• Supplied information
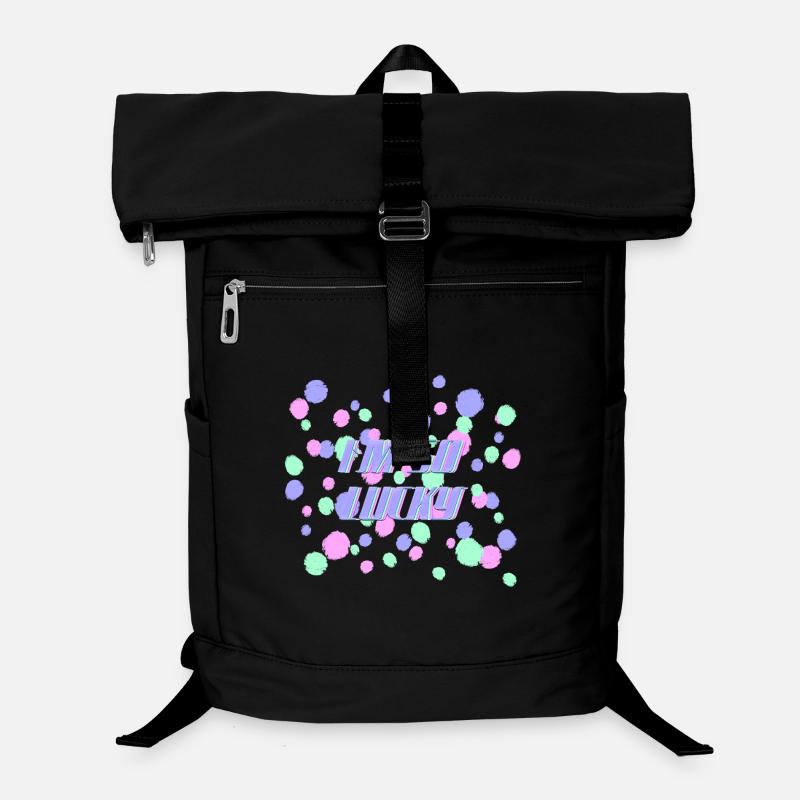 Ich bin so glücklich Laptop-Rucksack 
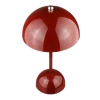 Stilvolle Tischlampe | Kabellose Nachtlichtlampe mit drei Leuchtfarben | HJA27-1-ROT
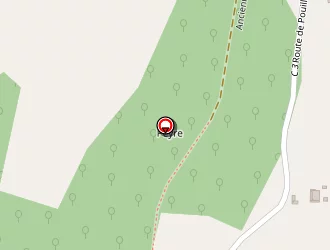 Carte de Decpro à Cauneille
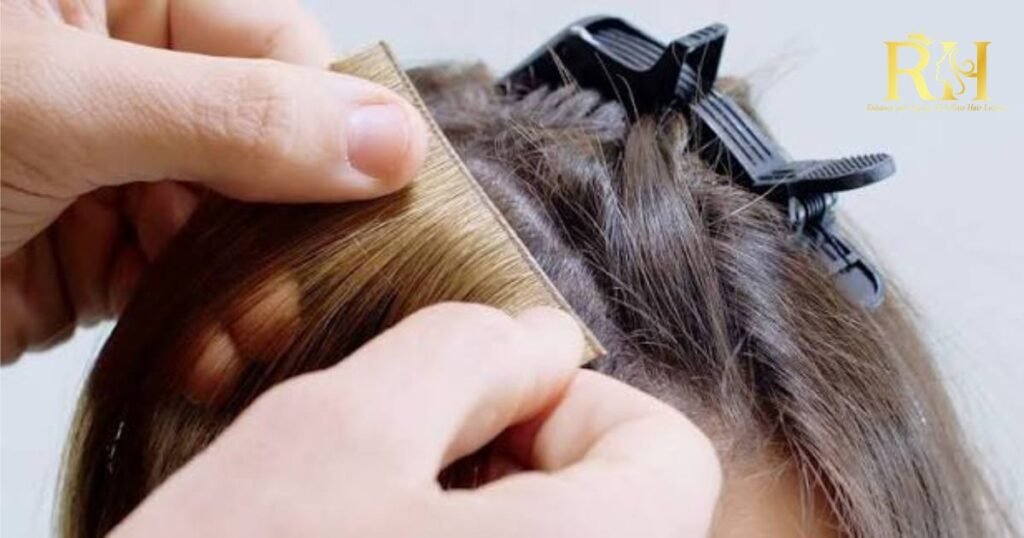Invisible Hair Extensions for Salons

• About this exercise
Exactly the lines from the line with "Carte de Decpro à Cauneille" through the last line of the listing, both included, should be extracted, and the pictures left behind.

• Solution to this task
 Carte de Decpro à Cauneille
Invisible Hair Extensions for Salons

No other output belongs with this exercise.